- What is expected
Each record beneath this sentence is to be transcribed exactly as it reads.

- Supplied records
☆ ☆ ☆ ☆ ☆

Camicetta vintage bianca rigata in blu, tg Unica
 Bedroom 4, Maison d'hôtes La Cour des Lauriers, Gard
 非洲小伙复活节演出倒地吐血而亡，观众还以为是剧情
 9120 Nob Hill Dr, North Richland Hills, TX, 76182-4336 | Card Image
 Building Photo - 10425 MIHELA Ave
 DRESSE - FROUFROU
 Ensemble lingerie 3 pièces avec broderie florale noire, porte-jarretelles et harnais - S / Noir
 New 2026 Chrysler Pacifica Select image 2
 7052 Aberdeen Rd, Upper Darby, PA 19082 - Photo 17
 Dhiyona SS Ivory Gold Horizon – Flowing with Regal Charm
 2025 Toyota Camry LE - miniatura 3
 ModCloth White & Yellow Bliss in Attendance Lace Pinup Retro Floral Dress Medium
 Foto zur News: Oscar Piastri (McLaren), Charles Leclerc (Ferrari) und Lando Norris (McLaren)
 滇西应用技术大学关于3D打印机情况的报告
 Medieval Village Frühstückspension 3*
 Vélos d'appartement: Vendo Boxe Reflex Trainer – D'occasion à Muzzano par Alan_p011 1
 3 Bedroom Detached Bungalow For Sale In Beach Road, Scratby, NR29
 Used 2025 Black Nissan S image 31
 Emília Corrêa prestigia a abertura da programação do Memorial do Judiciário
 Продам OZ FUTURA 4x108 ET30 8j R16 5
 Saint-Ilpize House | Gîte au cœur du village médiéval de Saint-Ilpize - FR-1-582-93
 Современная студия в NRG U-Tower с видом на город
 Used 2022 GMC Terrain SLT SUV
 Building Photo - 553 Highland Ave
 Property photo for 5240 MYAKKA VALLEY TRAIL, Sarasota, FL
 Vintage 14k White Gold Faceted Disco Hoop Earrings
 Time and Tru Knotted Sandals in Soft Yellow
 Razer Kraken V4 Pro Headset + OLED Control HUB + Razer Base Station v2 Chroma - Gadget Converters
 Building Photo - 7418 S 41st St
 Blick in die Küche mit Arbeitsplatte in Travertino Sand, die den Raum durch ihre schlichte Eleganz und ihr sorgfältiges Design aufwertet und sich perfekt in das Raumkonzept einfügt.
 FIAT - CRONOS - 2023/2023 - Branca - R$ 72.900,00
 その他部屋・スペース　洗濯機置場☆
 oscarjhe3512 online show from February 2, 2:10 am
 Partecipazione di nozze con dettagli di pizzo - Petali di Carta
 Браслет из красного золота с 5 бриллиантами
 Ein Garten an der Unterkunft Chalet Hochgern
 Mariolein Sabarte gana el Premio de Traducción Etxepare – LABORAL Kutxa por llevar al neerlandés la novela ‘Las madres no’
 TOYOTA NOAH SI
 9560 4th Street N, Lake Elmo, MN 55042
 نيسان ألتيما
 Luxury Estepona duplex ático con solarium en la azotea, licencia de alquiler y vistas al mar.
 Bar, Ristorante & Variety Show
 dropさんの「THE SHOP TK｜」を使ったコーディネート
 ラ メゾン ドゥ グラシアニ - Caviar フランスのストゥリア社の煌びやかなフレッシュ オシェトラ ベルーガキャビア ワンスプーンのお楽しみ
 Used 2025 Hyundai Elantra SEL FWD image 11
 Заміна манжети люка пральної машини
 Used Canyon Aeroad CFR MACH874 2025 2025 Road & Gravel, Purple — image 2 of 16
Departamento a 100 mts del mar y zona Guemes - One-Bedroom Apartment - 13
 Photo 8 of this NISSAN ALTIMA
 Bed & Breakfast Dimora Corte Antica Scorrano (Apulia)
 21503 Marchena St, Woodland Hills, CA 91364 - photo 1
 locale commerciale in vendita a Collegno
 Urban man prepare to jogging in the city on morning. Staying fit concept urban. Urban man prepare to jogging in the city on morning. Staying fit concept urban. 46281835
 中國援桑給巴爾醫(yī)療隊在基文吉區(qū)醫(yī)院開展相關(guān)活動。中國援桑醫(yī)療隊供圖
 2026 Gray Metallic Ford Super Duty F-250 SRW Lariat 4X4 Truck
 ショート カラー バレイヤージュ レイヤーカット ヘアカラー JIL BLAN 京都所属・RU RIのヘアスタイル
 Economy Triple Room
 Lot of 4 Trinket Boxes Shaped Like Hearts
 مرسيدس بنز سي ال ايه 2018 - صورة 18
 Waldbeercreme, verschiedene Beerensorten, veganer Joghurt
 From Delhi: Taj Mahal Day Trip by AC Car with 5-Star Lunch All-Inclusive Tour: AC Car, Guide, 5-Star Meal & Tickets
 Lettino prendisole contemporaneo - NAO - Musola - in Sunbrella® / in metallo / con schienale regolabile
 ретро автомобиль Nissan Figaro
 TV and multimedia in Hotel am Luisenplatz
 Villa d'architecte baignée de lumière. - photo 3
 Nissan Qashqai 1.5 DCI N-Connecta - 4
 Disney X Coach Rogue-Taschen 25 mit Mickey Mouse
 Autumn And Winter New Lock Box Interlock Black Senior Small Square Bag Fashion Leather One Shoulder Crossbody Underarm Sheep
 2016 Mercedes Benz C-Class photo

☆ ☆ ☆ ☆ ☆

- Response
Camicetta vintage bianca rigata in blu, tg Unica
 Bedroom 4, Maison d'hôtes La Cour des Lauriers, Gard
 非洲小伙复活节演出倒地吐血而亡，观众还以为是剧情
 9120 Nob Hill Dr, North Richland Hills, TX, 76182-4336 | Card Image
 Building Photo - 10425 MIHELA Ave
 DRESSE - FROUFROU
 Ensemble lingerie 3 pièces avec broderie florale noire, porte-jarretelles et harnais - S / Noir
 New 2026 Chrysler Pacifica Select image 2
 7052 Aberdeen Rd, Upper Darby, PA 19082 - Photo 17
 Dhiyona SS Ivory Gold Horizon – Flowing with Regal Charm
 2025 Toyota Camry LE - miniatura 3
 ModCloth White & Yellow Bliss in Attendance Lace Pinup Retro Floral Dress Medium
 Foto zur News: Oscar Piastri (McLaren), Charles Leclerc (Ferrari) und Lando Norris (McLaren)
 滇西应用技术大学关于3D打印机情况的报告
 Medieval Village Frühstückspension 3*
 Vélos d'appartement: Vendo Boxe Reflex Trainer – D'occasion à Muzzano par Alan_p011 1
 3 Bedroom Detached Bungalow For Sale In Beach Road, Scratby, NR29
 Used 2025 Black Nissan S image 31
 Emília Corrêa prestigia a abertura da programação do Memorial do Judiciário
 Продам OZ FUTURA 4x108 ET30 8j R16 5
 Saint-Ilpize House | Gîte au cœur du village médiéval de Saint-Ilpize - FR-1-582-93
 Современная студия в NRG U-Tower с видом на город
 Used 2022 GMC Terrain SLT SUV
 Building Photo - 553 Highland Ave
 Property photo for 5240 MYAKKA VALLEY TRAIL, Sarasota, FL
 Vintage 14k White Gold Faceted Disco Hoop Earrings
 Time and Tru Knotted Sandals in Soft Yellow
 Razer Kraken V4 Pro Headset + OLED Control HUB + Razer Base Station v2 Chroma - Gadget Converters
 Building Photo - 7418 S 41st St
 Blick in die Küche mit Arbeitsplatte in Travertino Sand, die den Raum durch ihre schlichte Eleganz und ihr sorgfältiges Design aufwertet und sich perfekt in das Raumkonzept einfügt.
 FIAT - CRONOS - 2023/2023 - Branca - R$ 72.900,00
 その他部屋・スペース　洗濯機置場☆
 oscarjhe3512 online show from February 2, 2:10 am
 Partecipazione di nozze con dettagli di pizzo - Petali di Carta
 Браслет из красного золота с 5 бриллиантами
 Ein Garten an der Unterkunft Chalet Hochgern
 Mariolein Sabarte gana el Premio de Traducción Etxepare – LABORAL Kutxa por llevar al neerlandés la novela ‘Las madres no’
 TOYOTA NOAH SI
 9560 4th Street N, Lake Elmo, MN 55042
 نيسان ألتيما
 Luxury Estepona duplex ático con solarium en la azotea, licencia de alquiler y vistas al mar.
 Bar, Ristorante & Variety Show
 dropさんの「THE SHOP TK｜」を使ったコーディネート
 ラ メゾン ドゥ グラシアニ - Caviar フランスのストゥリア社の煌びやかなフレッシュ オシェトラ ベルーガキャビア ワンスプーンのお楽しみ
 Used 2025 Hyundai Elantra SEL FWD image 11
 Заміна манжети люка пральної машини
 Used Canyon Aeroad CFR MACH874 2025 2025 Road & Gravel, Purple — image 2 of 16
Departamento a 100 mts del mar y zona Guemes - One-Bedroom Apartment - 13
 Photo 8 of this NISSAN ALTIMA
 Bed & Breakfast Dimora Corte Antica Scorrano (Apulia)
 21503 Marchena St, Woodland Hills, CA 91364 - photo 1
 locale commerciale in vendita a Collegno
 Urban man prepare to jogging in the city on morning. Staying fit concept urban. Urban man prepare to jogging in the city on morning. Staying fit concept urban. 46281835
 中國援桑給巴爾醫(yī)療隊在基文吉區(qū)醫(yī)院開展相關(guān)活動。中國援桑醫(yī)療隊供圖
 2026 Gray Metallic Ford Super Duty F-250 SRW Lariat 4X4 Truck
 ショート カラー バレイヤージュ レイヤーカット ヘアカラー JIL BLAN 京都所属・RU RIのヘアスタイル
 Economy Triple Room
 Lot of 4 Trinket Boxes Shaped Like Hearts
 مرسيدس بنز سي ال ايه 2018 - صورة 18
 Waldbeercreme, verschiedene Beerensorten, veganer Joghurt
 From Delhi: Taj Mahal Day Trip by AC Car with 5-Star Lunch All-Inclusive Tour: AC Car, Guide, 5-Star Meal & Tickets
 Lettino prendisole contemporaneo - NAO - Musola - in Sunbrella® / in metallo / con schienale regolabile
 ретро автомобиль Nissan Figaro
 TV and multimedia in Hotel am Luisenplatz
 Villa d'architecte baignée de lumière. - photo 3
 Nissan Qashqai 1.5 DCI N-Connecta - 4
 Disney X Coach Rogue-Taschen 25 mit Mickey Mouse
 Autumn And Winter New Lock Box Interlock Black Senior Small Square Bag Fashion Leather One Shoulder Crossbody Underarm Sheep
 2016 Mercedes Benz C-Class photo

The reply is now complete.